New figures from the Financial and Capital Market Commission show how the banking sector's return on equity increased to eight percent by the end of December last year from 5 percent in 2012.
Last year, fifteen Latvian banks and five foreign banks' branches, which account for almost 95 percent of the banking sector's total assets, operated with profit.
The bank's cost and income structure has stabilized, the Financial and Capital Market Commission says.
The increase in banks' profit is mostly attributable to 10.4 percent rise in net interest income, 13.6 percent increase in net commissions, whereas net provisions for impaired loans decreased 10.9 percent.
After three years of losses, the banking sector returned to profit in 2012 when Latvian banks earned a total of 174 million euros.
The Financial and Capital Market Commission's Chairman Kristaps Zakulis believes that bank's profitability this year will be similar to that of 2013, adding that banks will continue to look for more efficient solutions.

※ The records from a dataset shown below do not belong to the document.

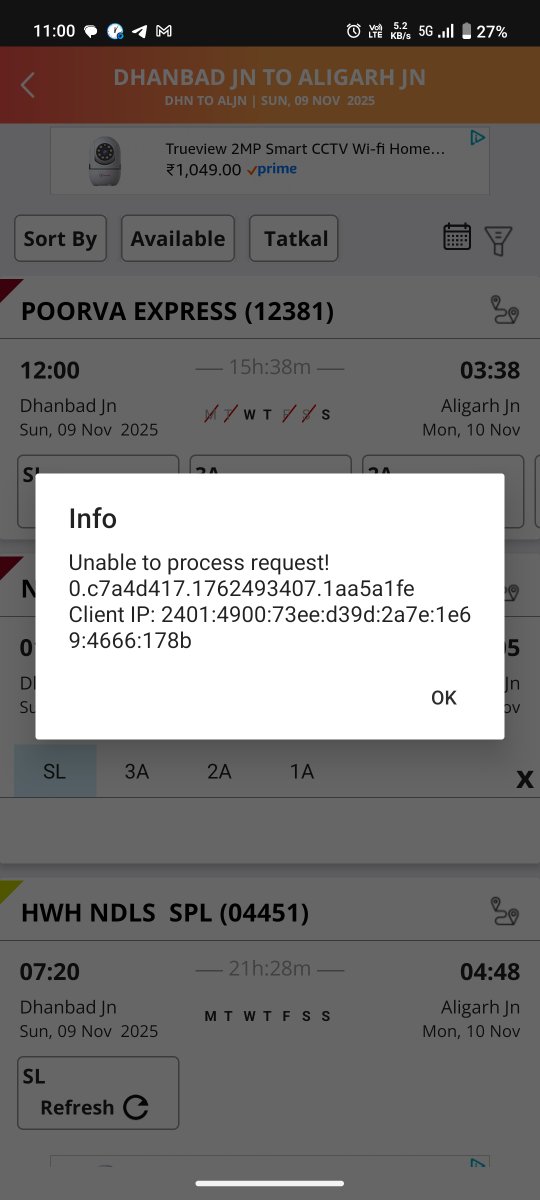 Irfanimistic's tweet photo. Not able to book tatkal ticket in time one thing but what about these errors @IRCTCofficial ? https://t.co/Zwb4buFdl3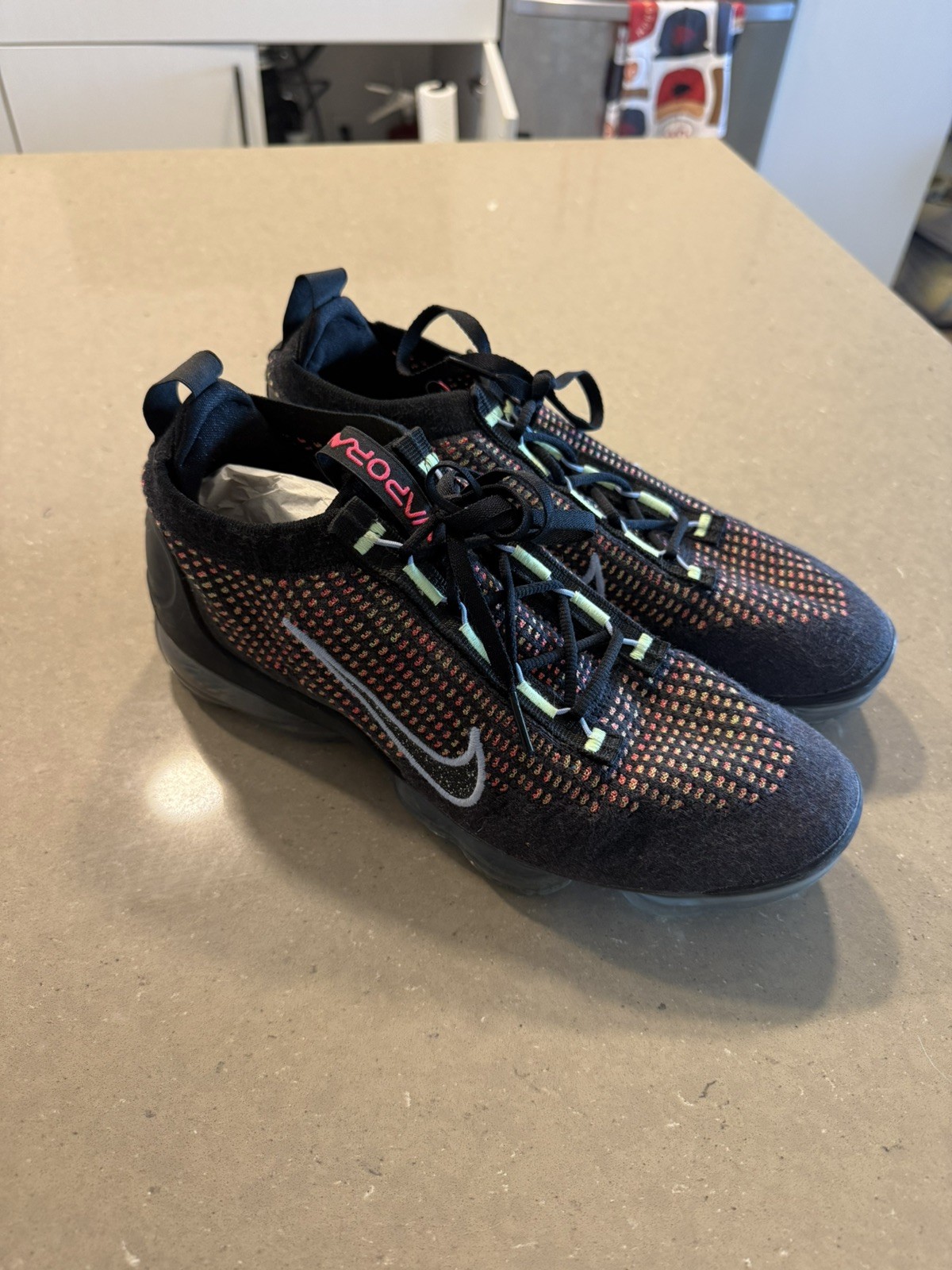 Nike Air Vapormax 2021 FK Multi-Color/Lime Glow/Black Women's Size 10.5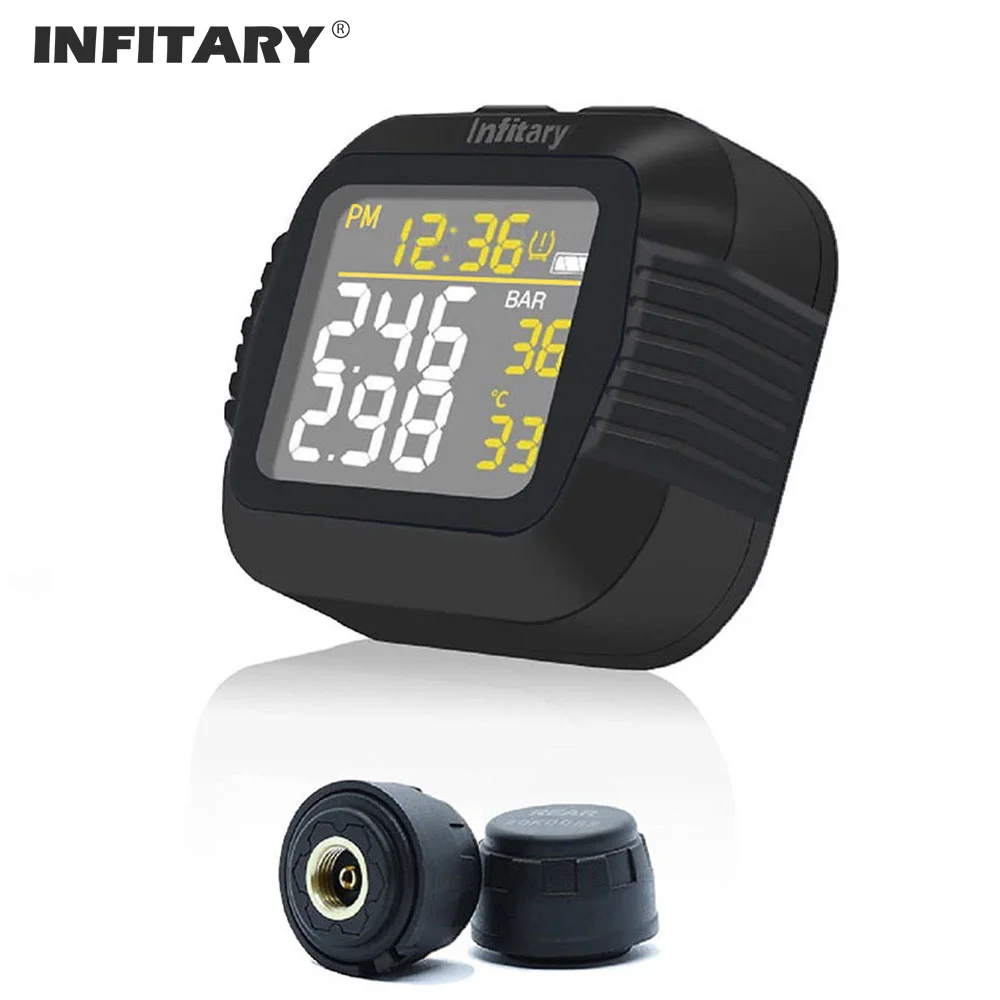 Infitary Motorcycle TPMS Tire Pressure Monitoring System Big Wireless LCD Colorful Display Shift For Status Precise Digital Moto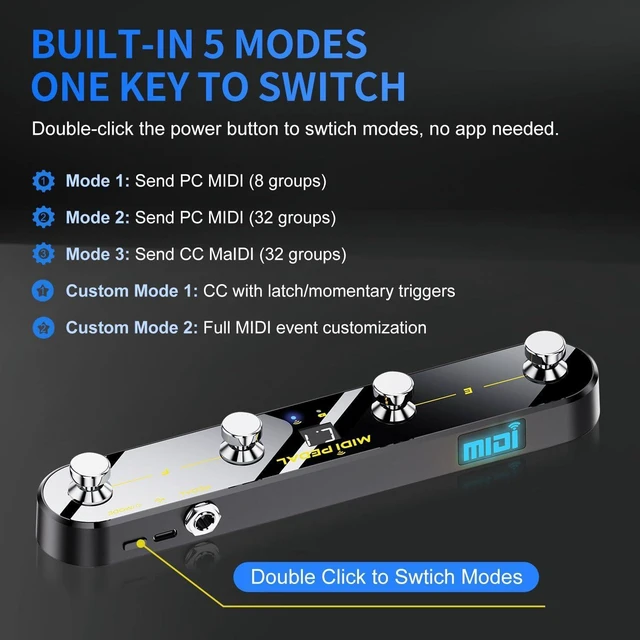 Alt view image 3 of 7 - Wireless MIDI Foot Controller Pedal with MIDI Receiver, Bluetooth & USB MIDI Footswitch Controller with Expression Pedal, 4 Programmable Footswitches, PC App Editing, for DAWs/Synths/Guitar Effects
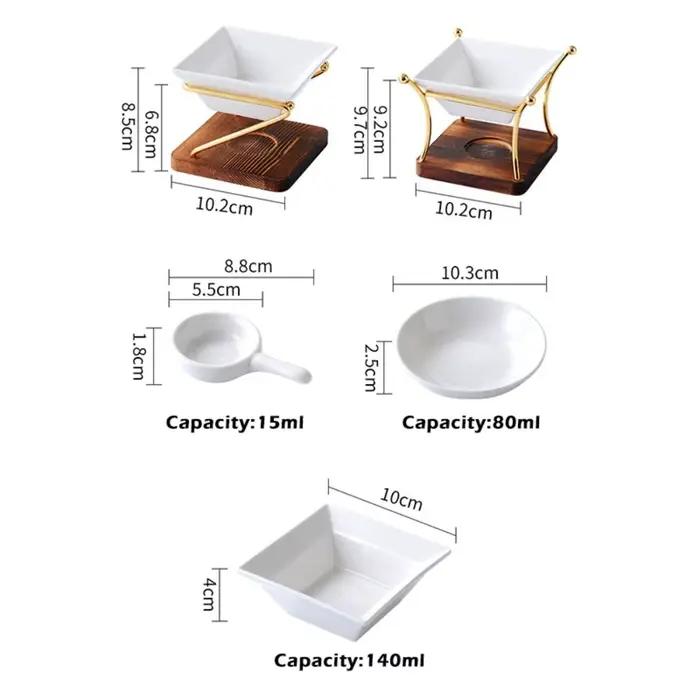 Brûleur d'huiles essentielles et chauffe-cire en métal et céramique avec base en bois pratique pour usage domestique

The year 2013 was a balanced for the banking sector in Latvia; all market players are well prepared for continuing development this year, said Zakulis.
Three credit institutions halted operations in Latvia last year: "GE Money Bank", UniCredit Bank" and Latvian Mortgage and Land Bank" (Latvijas Hipoteku un zemes banka), therefore there were 26 credit institutions in Latvia at the beginning of this year - seventeen banks and nine foreign banks' branches.
The total number of financial institutions in the European Union decreased 3.6 percent last year; at the beginning of 2014, there were 8,476 financial institutions in the EU.